Apr 29 2008
Quantum cryptography may be essentially solved, but getting the funky physics to work on disciplined computer networks is a whole new headache.
Cryptography is an arms race, but the finish line may be fast approaching. Up to now, each time the codemakers made a better mousetrap, codebreakers breed a better mouse. But quantum cryptography theoretically could outpace the codebreakers and win the race. Forever.
Already the current state of the art in classical encryption, 128-bit RSA, can be cracked with enough raw, brute force computing power available to organisations like the US National Security Agency. And the advent of quantum computing will make it even simpler. The gold standard for secret communication will be truly dead.
Quantum cryptography solves the problem, and it will overcome the remaining stumbling block, the distribution of the code key to the right person, by using quantum key distribution (QKD).
Modern cryptography relies on the use of digital ‘keys’ to encrypt data before sending it over a network, and to decrypt it at the other end. The receiver must have a version of the key code used by the sender so as to be able to decrypt and access the data.
QKD offers a theoretically uncrackable code, one that is easily distributed and works in a transparent manner. Even better, the nature of quantum mechanics means that if any eavesdropper – called Eve in the argot of cryptographers – tries to snoop on a message the sender and receiver will both know.
That ability is due to the use of the Heisenberg Uncertainty Principle, which sits at the heart of quantum mechanics. The principle rests on the theory that the act of measuring a quantum state changes that state. It is like children with a guilty secret. As soon as you look at them their faces morph plausibly into ‘Who, me?’
The practical upshot for cryptography is that the sender and receiver can verify the security of the transmission. They will know if the state of the quanta has changed, whether the key has been read en route. If so, they can abandon the key they are using and generate a new one.
QKD made its real-world debut in the canton of Geneva for use in the electronic voting system used in the Swiss general election last year. The system guaranteed that the poll was secure. But, more importantly perhaps, it also ensured that no vote was lost in transmission, because the uncertainly principle established there was no change to the transmitted data.
The canton election was a demonstration of the work done by researchers for the SECOQC project, an EU-funded effort to develop an international network for secure communication based on QKD.
The test of the technology demonstrated that QKD worked for point-to-point communications between two parties. But the demonstration was just the beginning of the SECOQC’s overall goal.

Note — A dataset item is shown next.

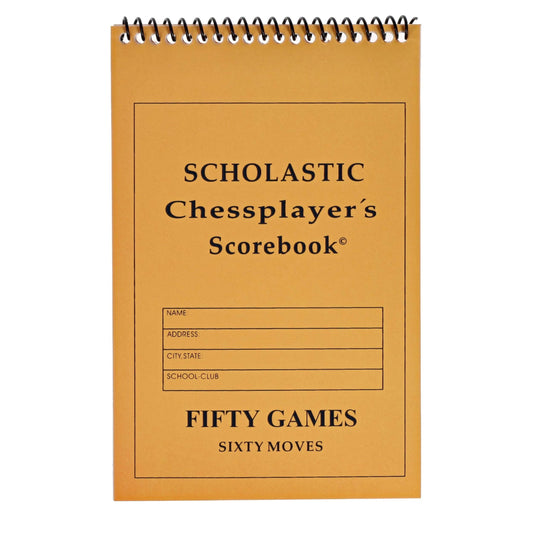WE Games Ultimate Chess Players Scorebook, orange, spiral-bound, with sections for name, address, city, and school club.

“We want to establish a network wide quantum encryption, because it will mean it works over much longer distances,” explains Christian Monyk, co-ordinator of the SECOQC project and head of the quantum-technologies unit at the Austrian Research Centres. “Network quantum encryption and QKD mean that many parties can communicate securely, not just two. Finally, it also means quantum encryption could be deployed on a very large scale, for the insurance and banking sectors, for example.”

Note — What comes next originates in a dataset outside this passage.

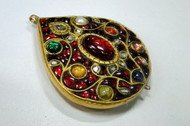 vintage antique old gold kundan meena pendant diamond ruby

Moving the system from point-to-point communications to a network is an order of magnitude more difficult.
“The quantum science for cryptography and key distribution is essentially solved, and it is a great result,” Monyk says. “But getting that system to work across a network is much more difficult. You have to deal with different protocols and network architectures, develop new nodes and new interfaces with the quantum devices to get it to a large-scale, long distance, real-world application.”
Getting the system to work over long distances is also a challenge because QKD requires hi-fidelity data transmission over high-quality physical networks like non-zero dispersion shifted fibre optics.
“It was not one big problem, it was many, many small computing science and engineering problems,” says Monyk. “We had to work with a large number of technologies. And we have to certify it to experts.”
But SECOQC’s researchers believe they have solved the network issue. The researchers are currently putting the final touches to a demonstration of the technology to be held this October in Vienna, Austria. Industry has shown great interest in the technology. Still the technology is not quite ready for prime time.
“From a technical point of view, the technology will be ready in one or two years,” says Monyk.
And that means that the race will be won, finally, by the codemakers.